舞客舞女,川流不息的在桌邊走動,酒香人影,歌聲語聲。
這兒的夜,是“半醉”的。
碧菡穿著一件翠綠色的旗袍,項間有一串發亮的項鏈,耳朵上也垂著同樣式的亮耳環。
正和一個胖胖的中年舞客在酣舞著。
那舞客的探戈跳得相當純熟,碧菡卻跟得更加熟練。
記得三個月前,初來的時候,她甚至不會跳華爾滋。
可是,現在,倫巴、恰恰、吉特巴、靈魂舞、馬舞、曼波、森巴……都已經難不倒她了,人類有适應的本能,有學習的本能。
三個月以來,她已從一個嫩秧秧的小舞女,變成這兒有名的“冰山美人”。
“冰山美人”這外號是陳元給她加的,陳元是這裡的一個駐唱男歌星,事實上,他隻是一個孩子,剛剛從大學畢業,受完軍訓。
什麼事不好做,卻在舞廳裡唱起歌來了。
當碧菡問他的時候,他聳聳肩,一股吊兒郎當的樣子,說: “我愛唱歌,怎麼辦?” “去學音樂。

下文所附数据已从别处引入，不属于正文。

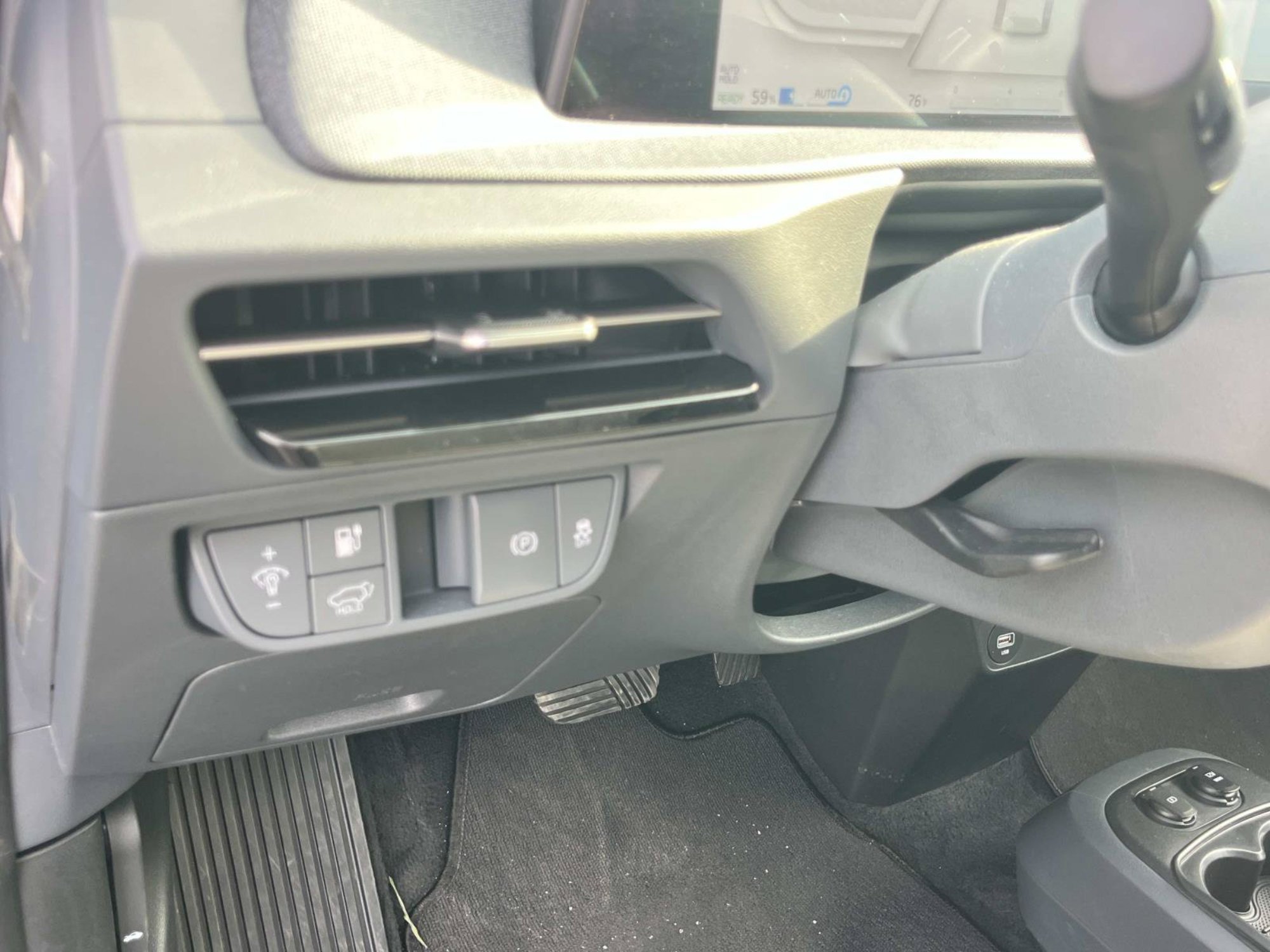 Used 2024 Kia EV6 Wind RWD image 36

”“我不愛學音樂,我隻愛唱歌,唱流行歌,唱熱門歌,唱民謠,唱——我的故事。
” 他的故事?碧菡歎息,每個人有每個人的故事。
在舞廳裡你不要去探求。
舞客們來尋求安慰,因為家裡沒有溫暖,舞女們貨腰為生,因為種種辛酸。
不,在這兒你不要去探求別人的秘密,你隻能滿足別人的歡樂。
冰山美人!這外號是因為她永遠拒絕和客人“吃消夜”而起的。
陳元曾經對她瞪著眼睛說:“你以為你做了多高尚的職業?你以為來這兒的客人僅僅要跳舞?你知不知道你那見了鬼的‘潔身自好’隻讓你損失一大筆財路,除此而外,沒有絲毫好處!別人并不會因此而把你看得高貴了!”“我并不要別人把我看得高貴,”她輕聲說,無奈的微笑著。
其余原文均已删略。